Furthermore, the housing 2 has a housing outer wall 18 which surrounds the contact chamber 3 in a cup-like manner and which also extends outside the insulating wall 46 and the shielding plate 13. In the region of the base 32 of the housing 2, a radial seal 31 is arranged, which surrounds a root 47 formed by an insulating wall 46 and a wall 5. The radial seal 31 is intended to prevent, for example, moisture, dust and dirt from penetrating into the interior of the plug connector 1 in the plugged-together state of the plug connector 1 and the mating plug connector 60.

Fig. 3a shows a perspective view of a further plug connector 1. The housing 2 has two contact chambers 3 each with a wall 5. In each of the two wall parts 5, two first openings 6 are introduced at a first position P1 (see also fig. 3 b) and one second opening 7 is introduced at a second position P2, respectively, wherein the second position P2 is closer to the bottom 32 of the housing 2 than the first position P1. The first opening 6 and the second opening 7 are rotated about 30 ° to 45 ° relative to each other in the encircling direction U. The primary locking element 8 is inserted into the first opening 6 in the first plug-in direction R1. The secondary locking element 9 is inserted into the second opening 7 along a second plug direction R2, wherein the two plug directions R1, R2 are rotated relative to each other by an angle of approximately 30 ° to 45 °. The second opening 7 is diametrically opposed to a further opening 48 in the wall, so that the secondary locking element 9 can engage into this further opening 48 and thus prevent displacement along the axial direction x or tilting.

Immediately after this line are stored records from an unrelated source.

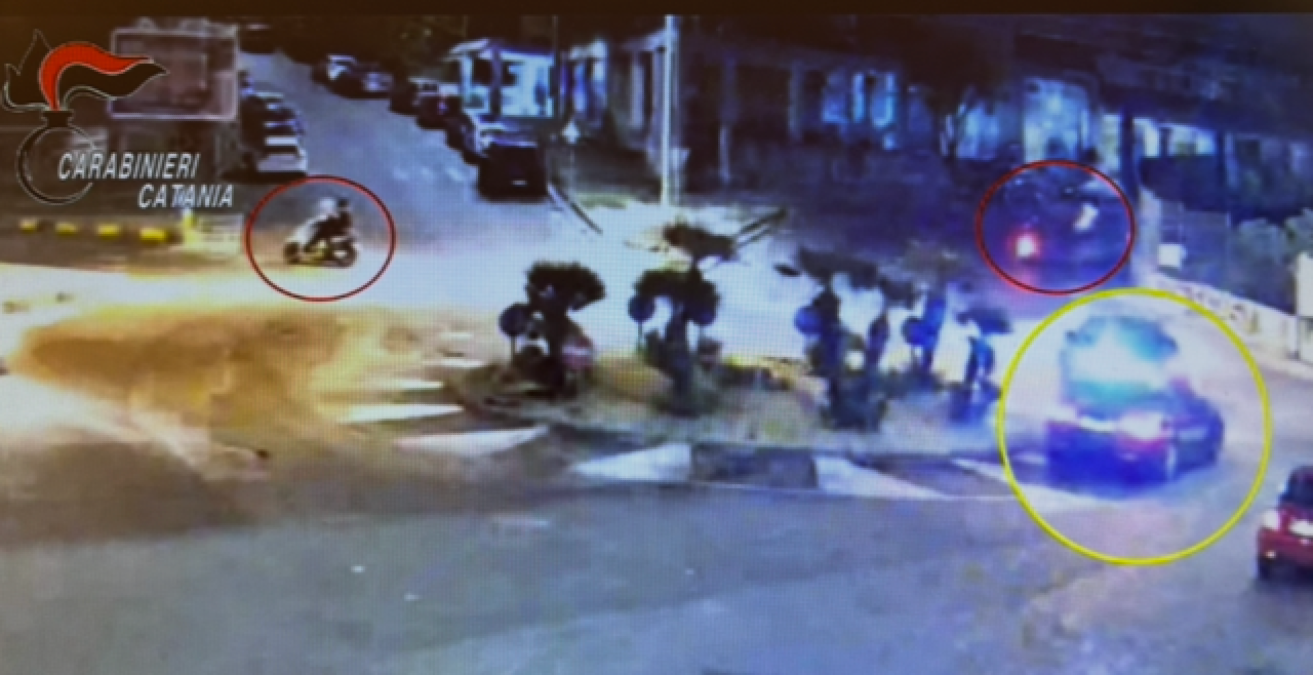Sparatoria a San Giovanni Galermo: tre minorenni feriti, arrestato un presunto componente del commando. - 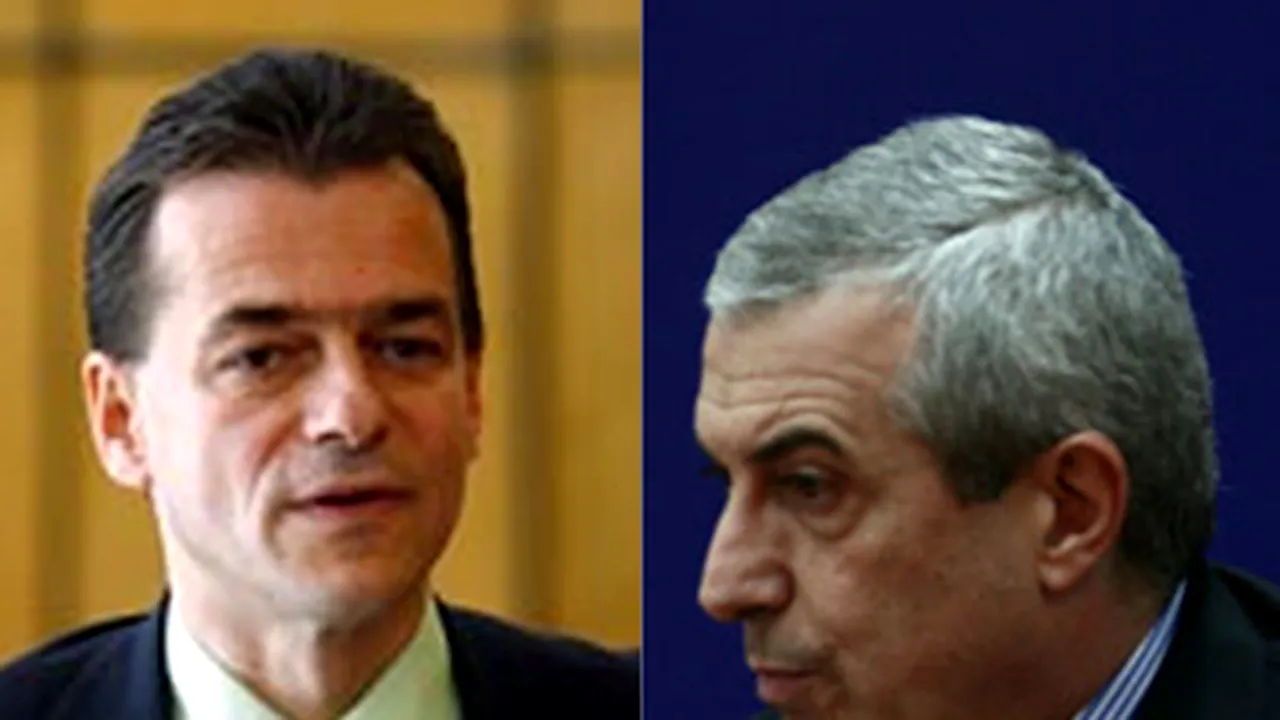Schimb de replici Orban-Tăriceanu în BPC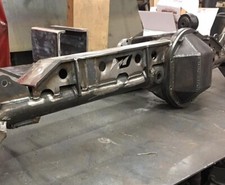 Motobilt Dana 44 Front Axle Truss For Jeep Jk Rubicon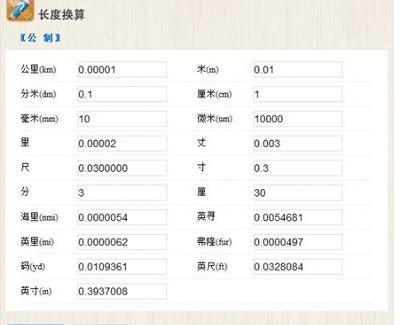 一公分是多少厘米呢？ 1公分等于多少厘米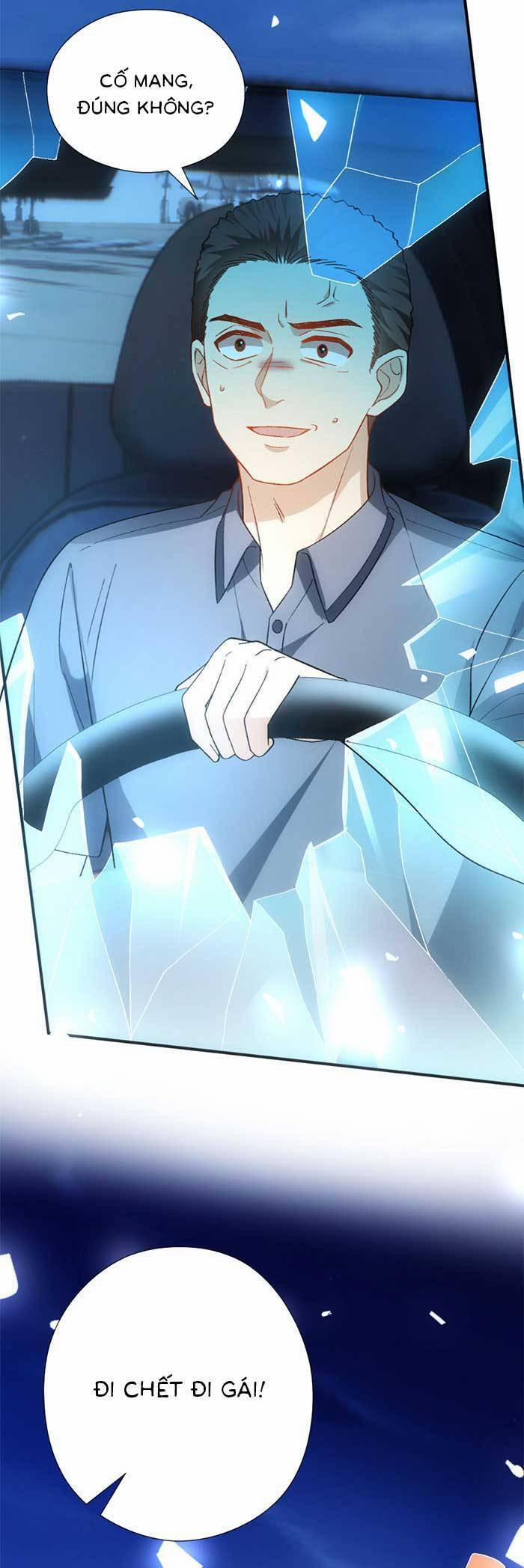 Vợ Của Lục Tổng Không Phải Dạng Vừa 162 trang 24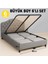 Baza Altı Hurç Seti 64X40X22 – 6’lı Organizer Hurç, Gri – Yorgan Nevresim Saklama-Stroge Bag 3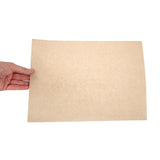 Vegware Compostable Unbleached Greaseproof Paper 380 x 275mm - DW631  Vegware   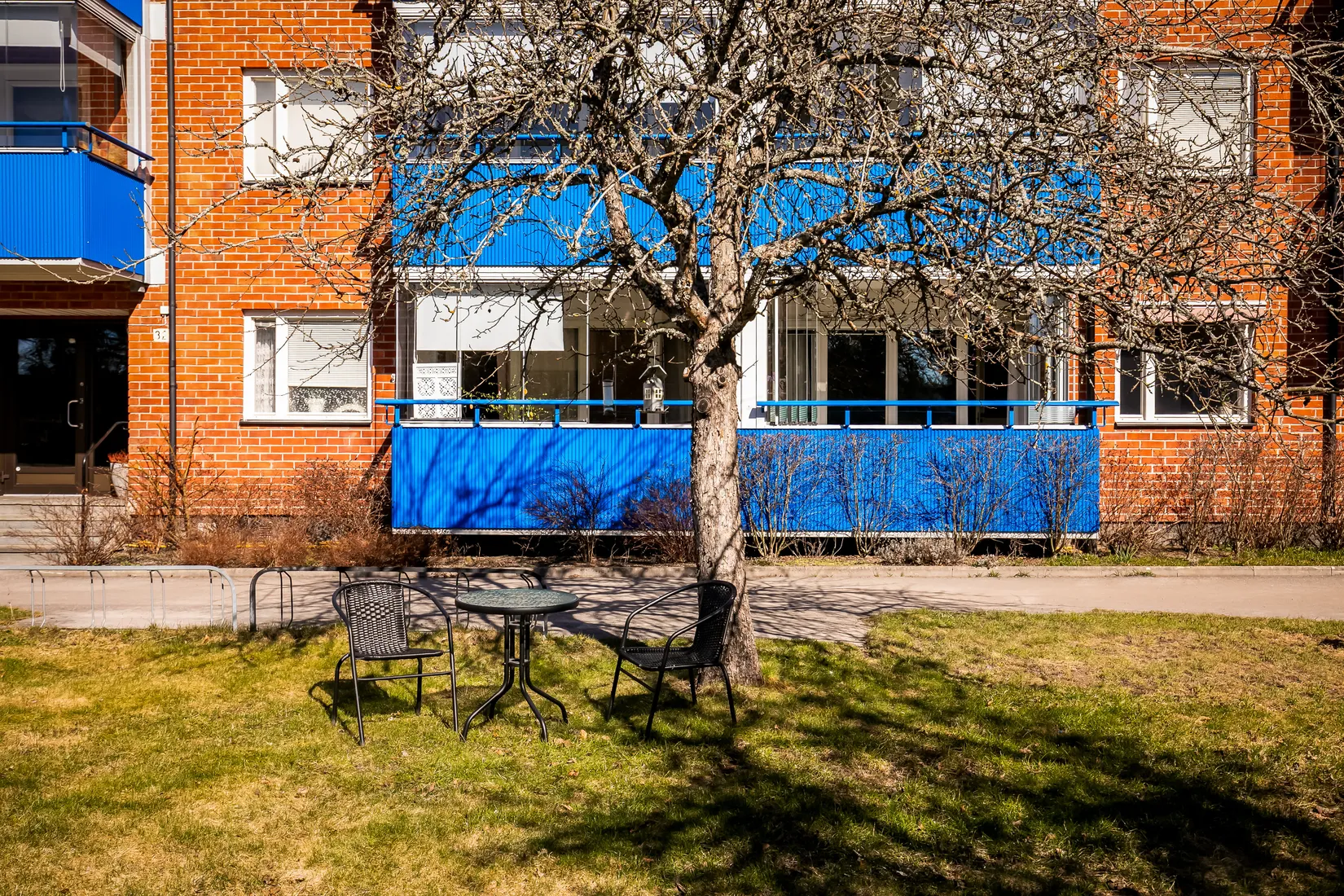 Bostadsrätt, Björnskogsvägen 34, Lugnet, Värmdö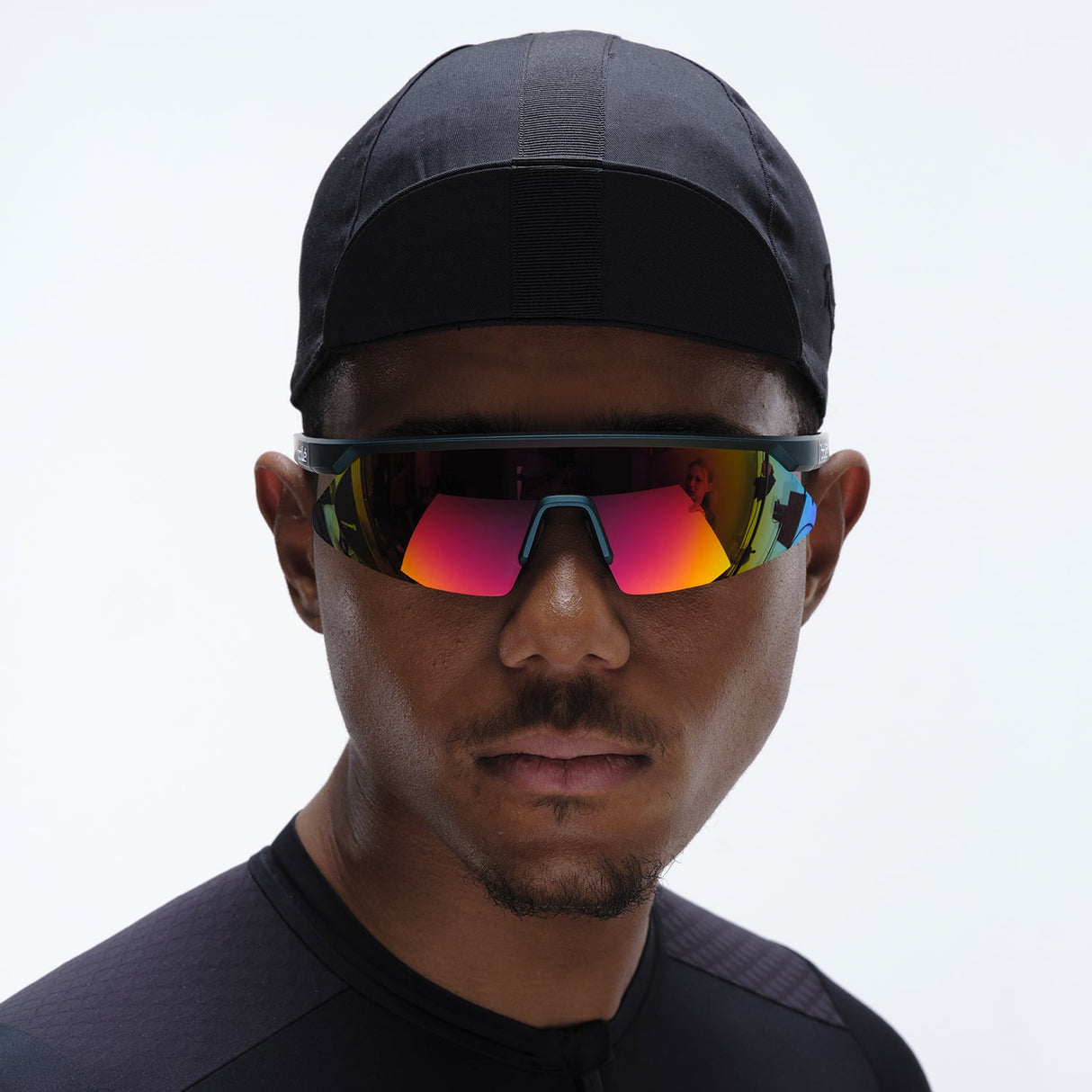 BOLLE MICRO EDGE Creator Teal Metallic - Volt Ruby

The further opening 48 has here a significantly smaller area in the wall 5 than the second opening 7.

All openings 6, 7, 48 are configured in fig. 2a as holes surrounded by wall 5. The outer side 10 of the wall 5 forms a substantially smooth, continuous surface together with the inserted primary locking element 8 and the inserted secondary locking element 9. Since the two locking elements 8, 9 terminate essentially flush with the outer side 10 of the wall 5, except for a small removal opening in the base element 14 for removing the primary locking element 8.

In the region of the bottom 32 of the housing 2, a shielding plate 13 annularly surrounds each of the two contact chambers 3 or the wall 5 thereof. However, the axial extension of the shielding plate 13 is very small, for example less than 15mm, preferably less than 10mm and very particularly preferably less than 5 mm.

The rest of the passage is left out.